_What you will do:_ Could you write out, exactly as they stand, only the lines in the listing below from the line with "Lederjacke für Damen" to the line with "Kahui Whetu Paua", both ends included, without the pictures?

_Records provided:_
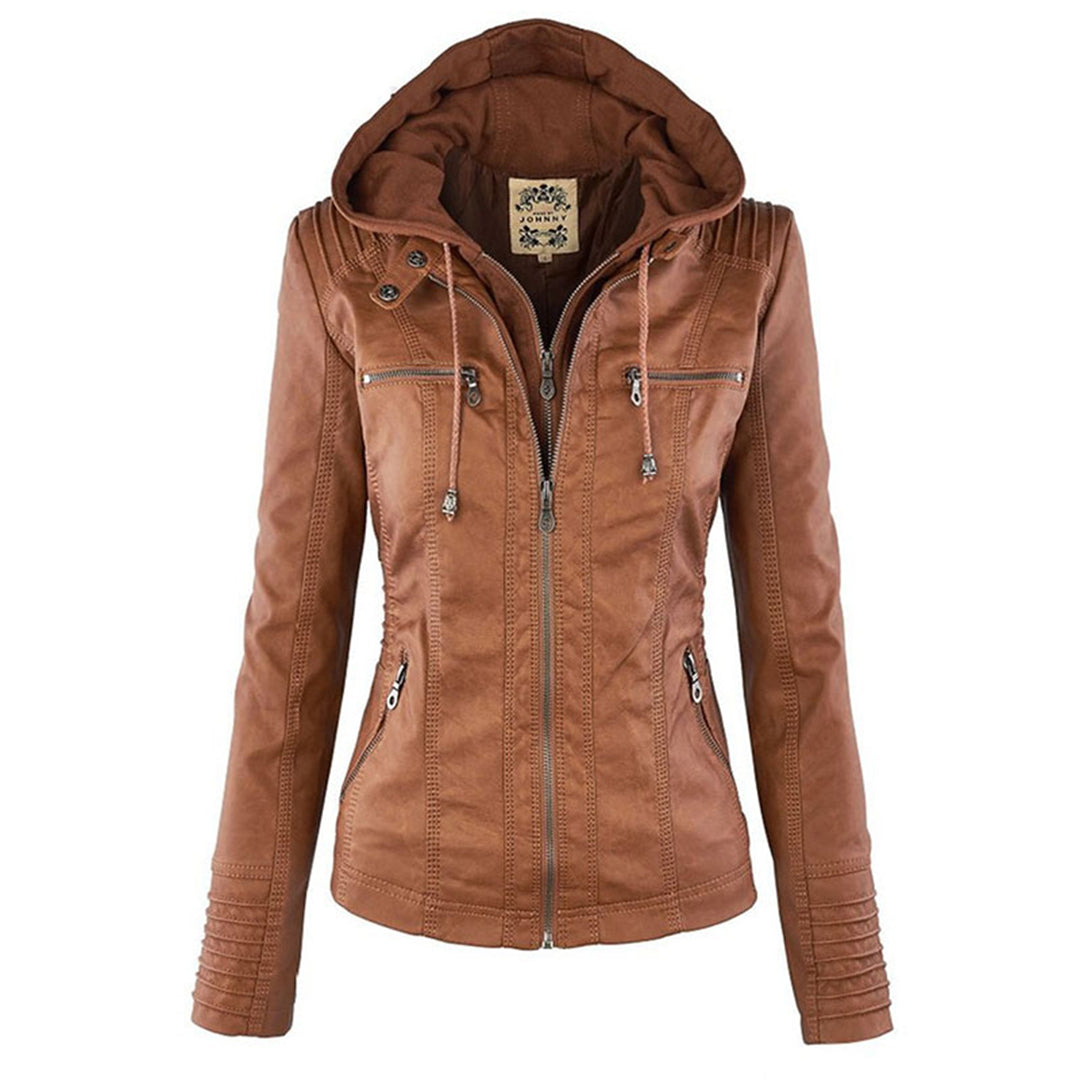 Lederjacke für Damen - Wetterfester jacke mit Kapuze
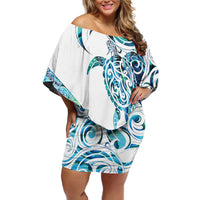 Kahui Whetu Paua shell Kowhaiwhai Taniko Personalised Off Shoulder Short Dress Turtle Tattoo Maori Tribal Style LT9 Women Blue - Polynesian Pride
==
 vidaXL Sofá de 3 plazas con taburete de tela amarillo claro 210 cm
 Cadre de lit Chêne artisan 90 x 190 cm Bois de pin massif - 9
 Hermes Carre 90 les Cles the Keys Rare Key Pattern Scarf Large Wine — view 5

_Solution to the exercise:_
 Lederjacke für Damen - Wetterfester jacke mit Kapuze
 Kahui Whetu Paua shell Kowhaiwhai Taniko Personalised Off Shoulder Short Dress Turtle Tattoo Maori Tribal Style LT9 Women Blue - Polynesian Pride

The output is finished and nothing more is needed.